> [Aim of the task]
For this exercise, return only the lines in the records below from the one holding "If you found" through the one holding "There's a stacked", including both, exactly as they appear and without pictures.

[Entries supplied — start]

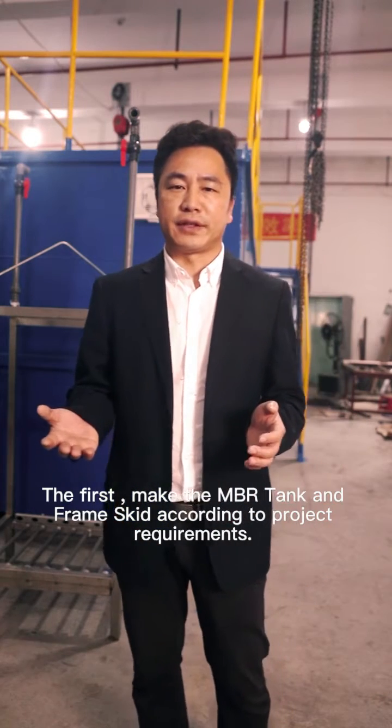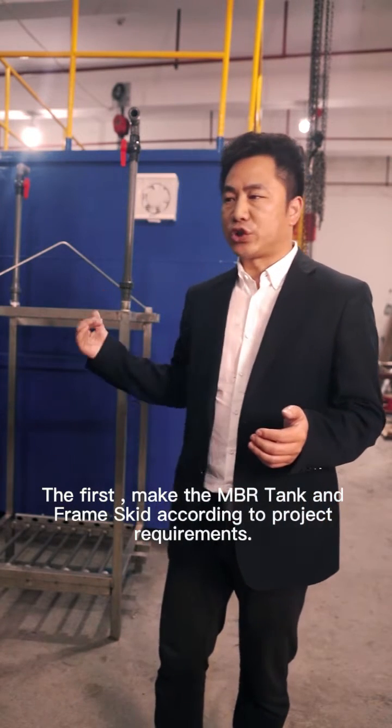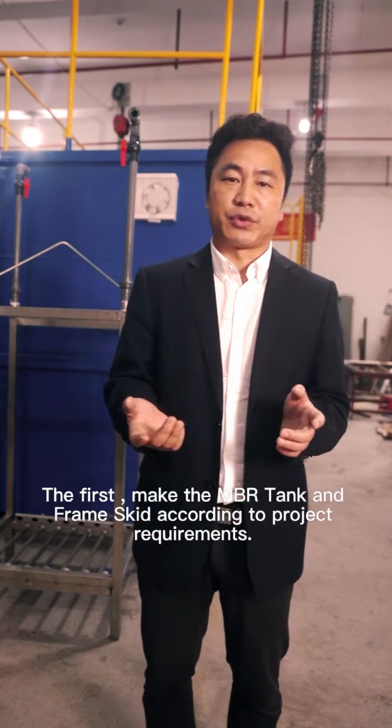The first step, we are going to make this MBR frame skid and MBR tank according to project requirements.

[Entries supplied — finish]
[Entries supplied — start]

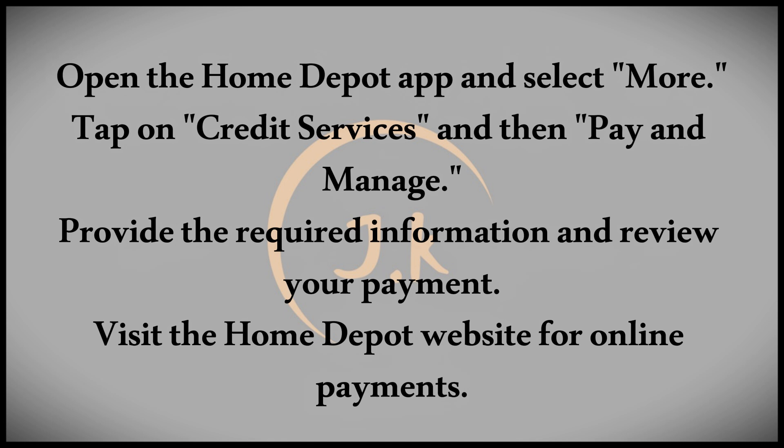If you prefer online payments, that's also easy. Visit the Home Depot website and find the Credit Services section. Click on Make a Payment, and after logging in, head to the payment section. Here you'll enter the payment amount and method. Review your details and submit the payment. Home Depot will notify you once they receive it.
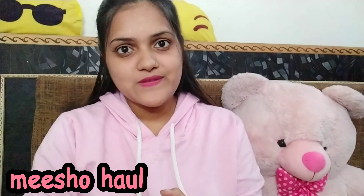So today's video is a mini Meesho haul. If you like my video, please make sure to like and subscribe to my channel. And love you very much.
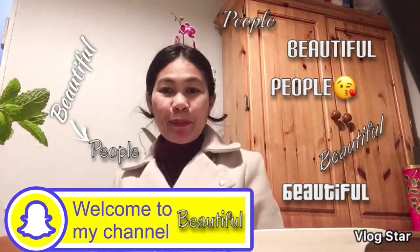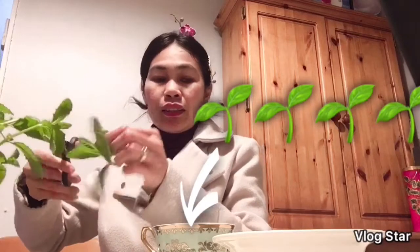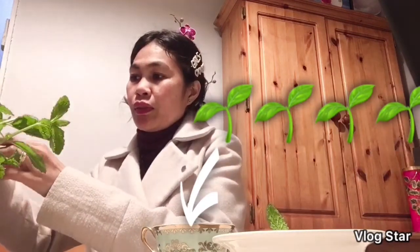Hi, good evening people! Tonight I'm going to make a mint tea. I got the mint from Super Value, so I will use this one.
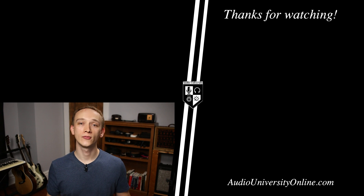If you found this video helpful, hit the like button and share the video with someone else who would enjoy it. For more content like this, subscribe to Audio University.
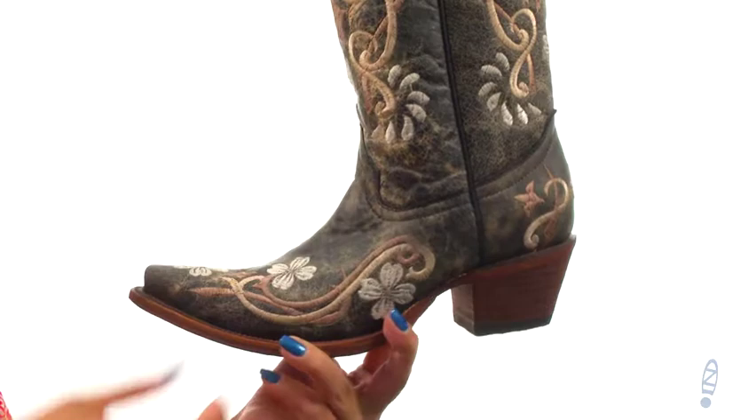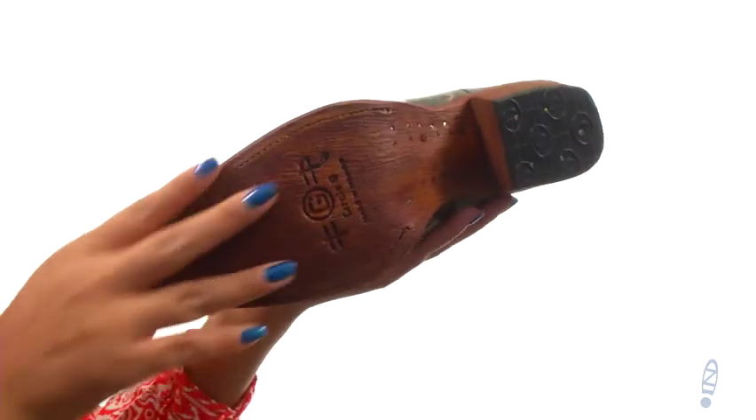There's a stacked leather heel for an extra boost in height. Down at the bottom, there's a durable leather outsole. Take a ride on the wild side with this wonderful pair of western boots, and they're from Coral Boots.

[Entries supplied — finish]

> [Task output]
If you found this video helpful, hit the like button and share the video with someone else who would enjoy it. For more content like this, subscribe to Audio University.
There's a stacked leather heel for an extra boost in height. Down at the bottom, there's a durable leather outsole. Take a ride on the wild side with this wonderful pair of western boots, and they're from Coral Boots.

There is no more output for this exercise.